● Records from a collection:
========
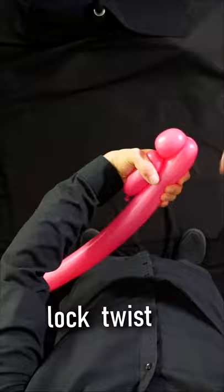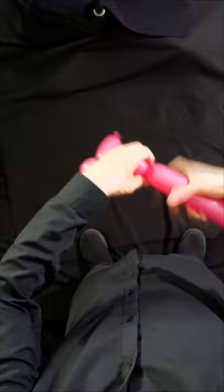Now we're gonna make a small basic twist of about an inch to inch and a half. Fold. We're gonna make a lock twist now — we're gonna twist right here and make the ears in one motion. There's the head.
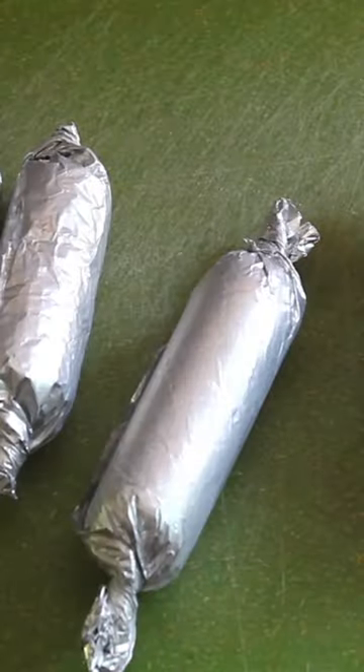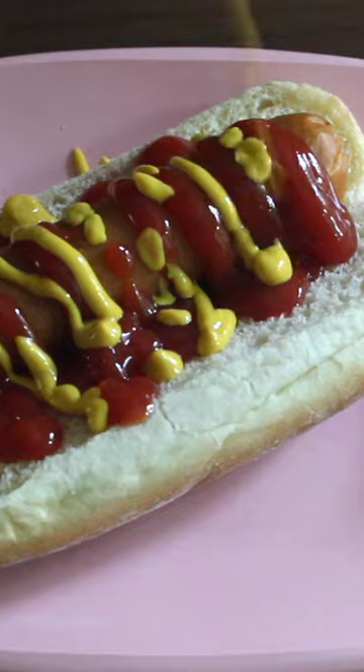Yes, I said plumpy. You're going to let them cool and unwrap them, and there's your vegan hot dog ready for a bun. Enjoy.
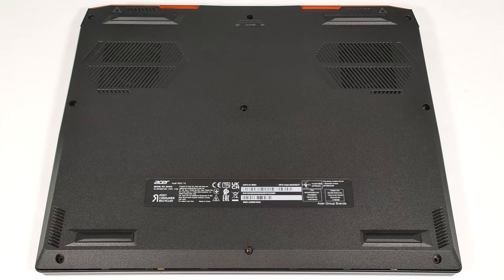Hello, this is Nick from Laptop Media, and today we will show you how to open the Acer Nitro 14, AN14-41.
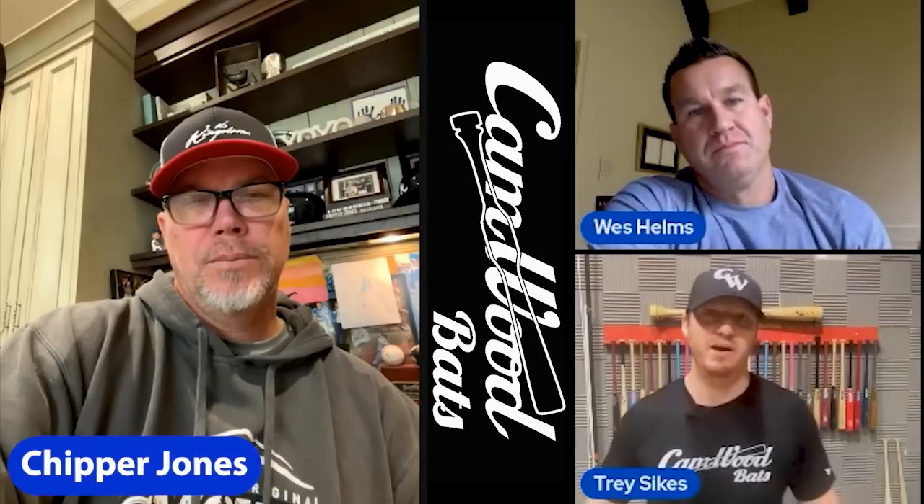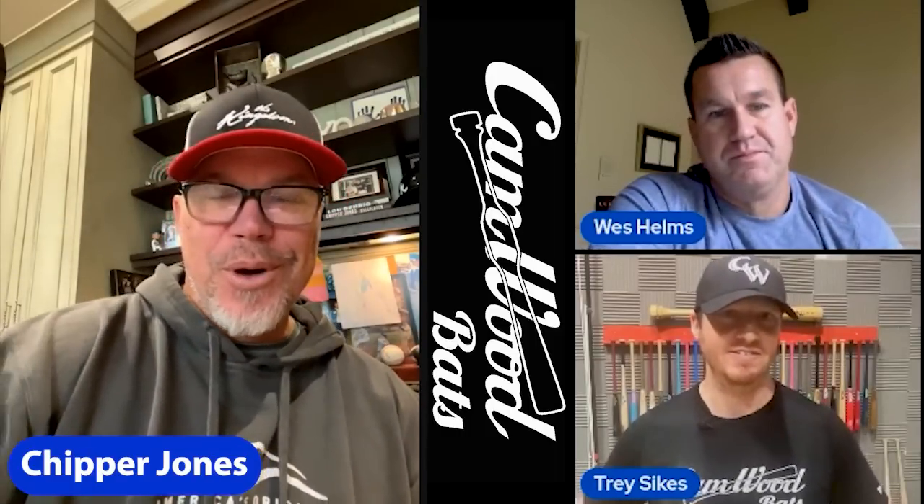Hey guys, Trey here with Camwood Bats. I'm joined with two special guests today. We're on day two, talking about hands and bat path. We have Wes Helms, 13-year MLB vet, and none other than eight-time All-Star, 1999 NL MVP and Hall of Famer Chipper Jones. Chipper, how you doing, buddy? Doing well, guys. Good to see Wes again — haven't seen him in forever. Looking forward to talking a little hitting.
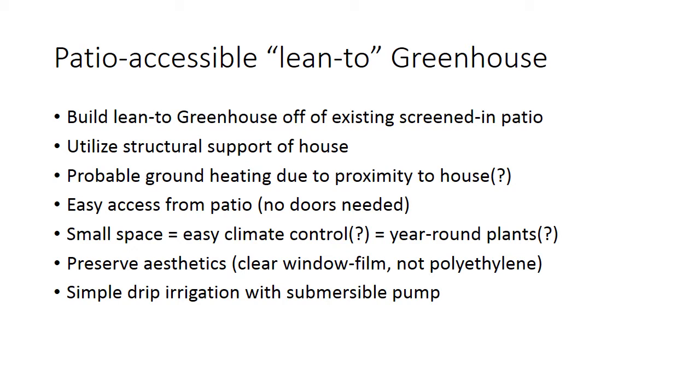I had trouble keeping the PVC greenhouse warm and I want something that's basically a much simpler design, much more robust to the weather. I'm hoping because it'll be close to the house, it'll be warmer. I don't want to put doors on it so I can actually get in through the patio, through the big windows. It's a much smaller space, so I'm hoping that with a reasonable amount of energy, without putting 10,000 BTUs in, I can keep this sucker warm during the winter and cool during the summer. I actually implemented a simple drip irrigation system with a really cheap off-the-shelf submersible pump — I think you'll find that cool.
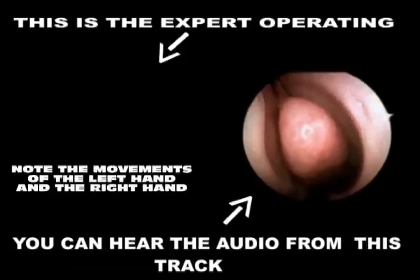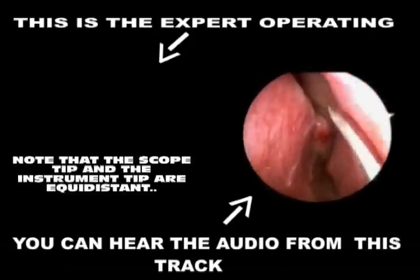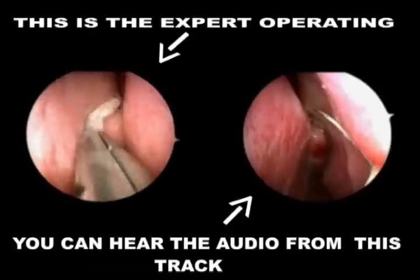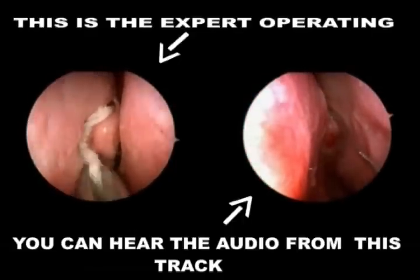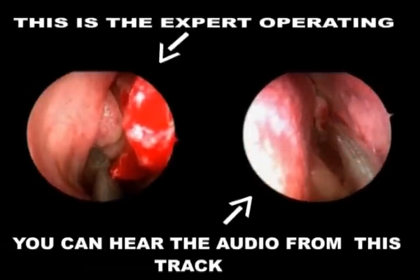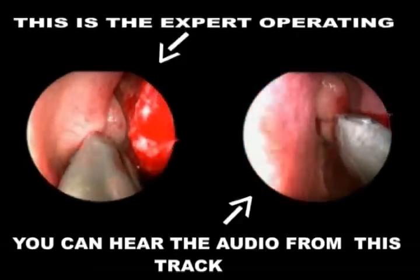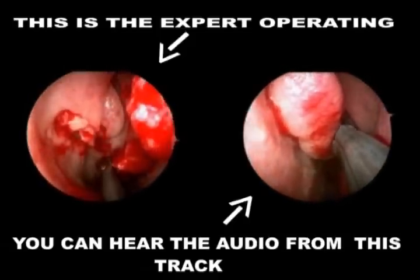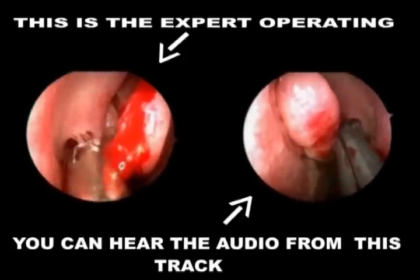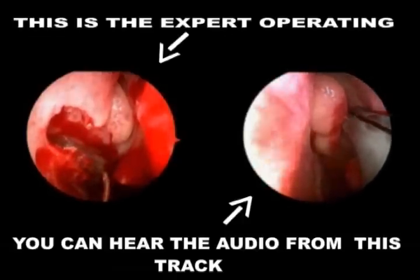Here is a first surgeon who has done just 20 middle meatal antrostomies. You can see the scope tip did not advance with the instrument. Now you can see the same surgeon infiltrating the nose — his right hand is wobbling, the left hand is also not steady and is far anterior. The left hand is not advancing as the right hand moves inside. Now the scope is too close, now too far. You can see the camera tilt, and the scope is viewing the natural ostium from below rather than from an aerial view — that is why the surgeon is not able to see the natural ostium.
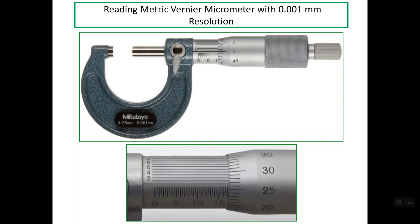Good evening. I'd like to talk about reading a metric Vernier micrometer with 0.001 mm resolution. We have this micrometer and the value of the resolution is simply shown on the frame. This is the resolution and this is the range for this micrometer — 0 up to 25 mm.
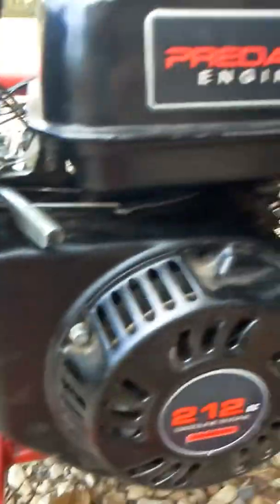I got this Predator 212cc — ungoverned, valve springs switched out, the head is shaved, the muffler is off. I need to get an exhaust on there and I need to get a new intake.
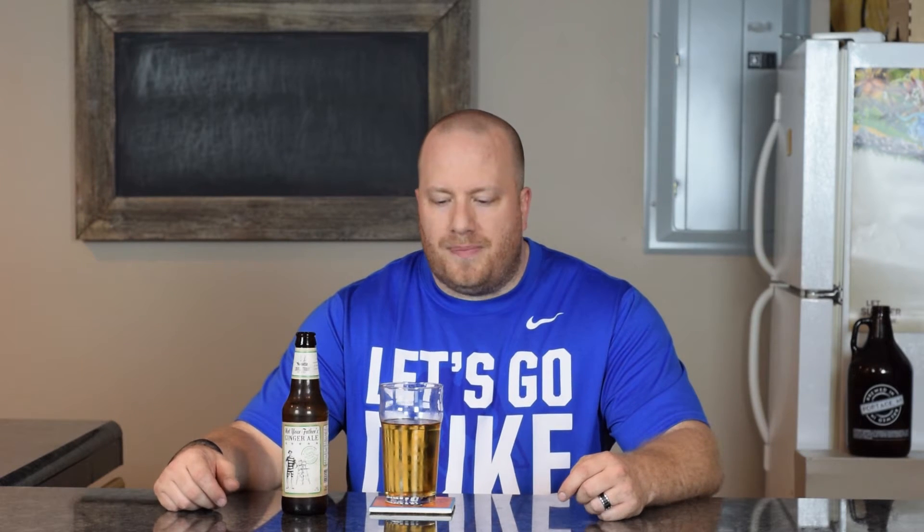I'll probably give this a 4.5 out of 5. It almost tastes like a pop. Let me know if you've tried it — if so, leave a comment down below. Until next time, happy brewing.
========
● Exercise details:
Before answering, find the line with "Here is a first" in the records above; then reproduce exactly each line from the first through that line, leaving out pictures.

● Solution for this exercise:
Now we're gonna make a small basic twist of about an inch to inch and a half. Fold. We're gonna make a lock twist now — we're gonna twist right here and make the ears in one motion. There's the head.
Yes, I said plumpy. You're going to let them cool and unwrap them, and there's your vegan hot dog ready for a bun. Enjoy.
Hello, this is Nick from Laptop Media, and today we will show you how to open the Acer Nitro 14, AN14-41.
Hey guys, Trey here with Camwood Bats. I'm joined with two special guests today. We're on day two, talking about hands and bat path. We have Wes Helms, 13-year MLB vet, and none other than eight-time All-Star, 1999 NL MVP and Hall of Famer Chipper Jones. Chipper, how you doing, buddy? Doing well, guys. Good to see Wes again — haven't seen him in forever. Looking forward to talking a little hitting.
I had trouble keeping the PVC greenhouse warm and I want something that's basically a much simpler design, much more robust to the weather. I'm hoping because it'll be close to the house, it'll be warmer. I don't want to put doors on it so I can actually get in through the patio, through the big windows. It's a much smaller space, so I'm hoping that with a reasonable amount of energy, without putting 10,000 BTUs in, I can keep this sucker warm during the winter and cool during the summer. I actually implemented a simple drip irrigation system with a really cheap off-the-shelf submersible pump — I think you'll find that cool.
Here is a first surgeon who has done just 20 middle meatal antrostomies. You can see the scope tip did not advance with the instrument. Now you can see the same surgeon infiltrating the nose — his right hand is wobbling, the left hand is also not steady and is far anterior. The left hand is not advancing as the right hand moves inside. Now the scope is too close, now too far. You can see the camera tilt, and the scope is viewing the natural ostium from below rather than from an aerial view — that is why the surgeon is not able to see the natural ostium.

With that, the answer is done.